Sac au dos à travers l'Espagne
XLI
LES DEUX MARIA DE DON PEDRO
Je ne m’arrêterai pas davantage dans la cathédrale, le lecteur peut en trouver de minutieuses descriptions dans tous les Guides. Je ne ferai que citer en passant la maison de Pilate, que le premier marquis de Tarifa construisit sur le modèle de celle du proconsul de la Judée, en souvenir d’un voyage à Jérusalem ; la Casa de los Taveras qu’habitait l’Étoile de Séville, la belle Estella, maîtresse du roi Sancho le Brave ; le palais de San Telmo, résidence du duc de Montpensier, sur le bord du Guadalquivir et ses délicieux jardins, non loin de la Tour d’or où l’on versait, dit-on, le contenu des galions chargés des dépouilles du Nouveau Monde.
Mais, avant de quitter la basilique, il faut voir la Capilla Real, où repose dans la paix du Seigneur Maria de Padilla, l’adorée de Pierre le Cruel, en compagnie de saint Ferdinand, qui prit Séville aux Maures. Il est couché dans une brillante châsse, revêtu de son harnais de guerre, vrai linceul d’un soldat. Au jour de sa fête, le 30 mai, on écarte en grande pompe le rideau qui le cache et l’on montre à la foule béante la pâle figure du roi guerrier qui depuis six cents ans semble encore dormir.
Une autre exhibition de ce genre macabre fort appréciée des Espagnols est celle de doña Maria Coronel, aussi parfaitement conservée au couvent de Santa-Inès. Je ne sais si le Saint-Père la canonisa, mais elle le méritait bien, comme vous l’allez voir, car elle préféra perdre son mari et sa beauté plutôt que sa vertu.
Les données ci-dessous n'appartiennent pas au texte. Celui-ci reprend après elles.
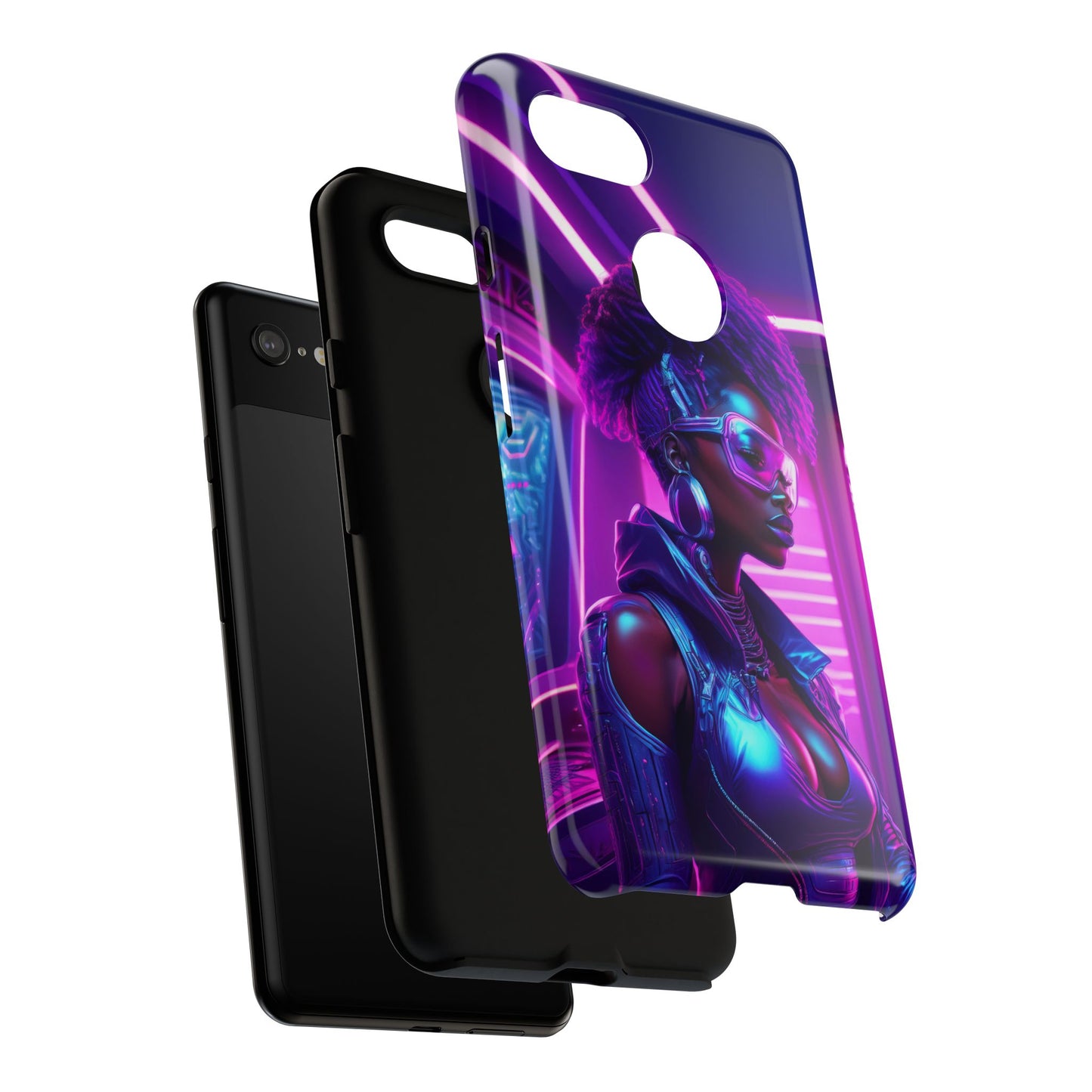 Futuristic Cyberpunk Female Cell Phone Case 004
Le fougueux don Pedro la harcelait de ses désirs coupables ; mais la vertu de la dame n’était pas d’une étoffe à recevoir le moindre accroc. Elle résista de telle sorte que le monarque ne vit d’autre moyen que d’imiter l’exemple du grand roi David qui fit traîtreusement dépêcher son général Uri pour jouir à son aise des charmes opulents de la délicieuse Bethsabée. Donc le cruel Pedro fit condamner l’infortuné Coronel à mort, sous je ne sais quel fallacieux prétexte — MM. les juges en ont toujours des douzaines en leur sac — et promit à l’épouse la grâce de l’époux en échange d’une simple nuitée.
La belle n’hésita pas. Ces saintes sont terribles. Elle préféra voir son mari mort que cocu et lui laissa bravement couper la tête. On ne dit pas si, en cette occurrence, le mari fut consulté.
Les esprits pervers et sarcastiques vont penser que c’était un moyen pour se débarrasser d’un jaloux et commettre le péché mignon avec la liberté de conscience d’une veuve.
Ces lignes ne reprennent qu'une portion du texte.